A huge fist slammed into her nose and broke it. When Angel was finished with her thirty minutes later, the girl lay on the bed, unconscious.

Angel smiled down at the battered figure of the girl and threw a few pesos on the bed. “Gracias.” Angel smiled.

Mary spent every possible moment she could with the children. They did a lot of sight-seeing. There were dozens of museums and old churches to visit, but for the children, the highlight was the trip to Dracula’s castle in Brasov, located in the heart of Transylvania, a hundred miles from Bucharest.

“The count was really a prince,” Florian explained on the drive up. “Prince Vlad Tepes. He was a great hero who stopped the Turkish invasion.”

“I thought he just liked to suck blood and kill people,” Tim said.

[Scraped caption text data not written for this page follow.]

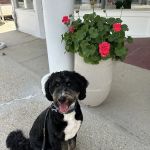 H.H.H Canine Lodge & Ranch
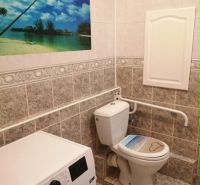 Badezimmer mit Toilette und Waschmaschine in einer 3-Zimmer-Wohnung, dekoratives Bild an der Wand.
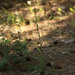 Erigeron droebachensis - Photo (c) Vadim Prokhorov, some rights reserved (CC BY-NC), uploaded by Vadim Prokhorov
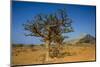 Frankincense Trees (Boswellia Elongata), Homil Protected Area, Island of Socotra-Michael Runkel-Mounted Photographic Print
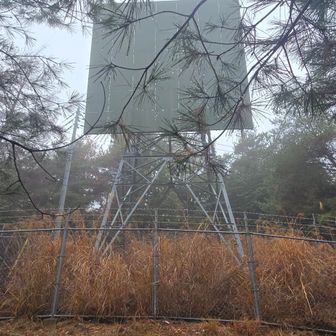 反射板て何だろう
AIによると…無線反射板（むせんせきはん）です。これは、電波塔からの無線信号を、山などの障害物がある場所や直接見通せない地域に反射させて送信するために使用される受動的な通信インフラです。…ふうんすごいね　電波を物理的に反射させられるんだって
ここ 左側通って奥を右へ行くよ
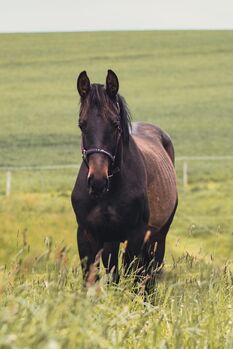 braver Hengst , Freizeitkumpel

Florian nodded. “Yes. Unfortunately, after the war Vlad’s power went to his head. He became a dictator and he impaled his enemies on stakes. The legend grew that he was a vampire. An Irishman named Bram Stoker wrote a book based on the legend. A silly book, but it has done wonders for tourism.”

Bran Castle was a huge stone monument high in the mountains. They were all exhausted by the time they climbed the steep stone stairs leading to the castle. They went into a low-ceilinged room containing guns and ancient artifacts.

“This is where Count Dracula murdered his victims and drank their blood,” the guide said in a sepulchral voice.

The room was damp and eerie. A spiderweb brushed across Tim’s face. “I’m not scared of anything,” he said to his mother, “but can we get out of here?”

Every six weeks an American Air Force C-130 plane landed at a small airfield on the outskirts of Bucharest. The plane was loaded with food and luxuries unavailable in Bucharest that had been ordered by members of the American embassy through the military commissary in Frankfurt.

One morning, while Mary and Mike Slade were having coffee, Mike said, “Our commissary plane is due in today. Why don’t you take a ride out to the airport with me?”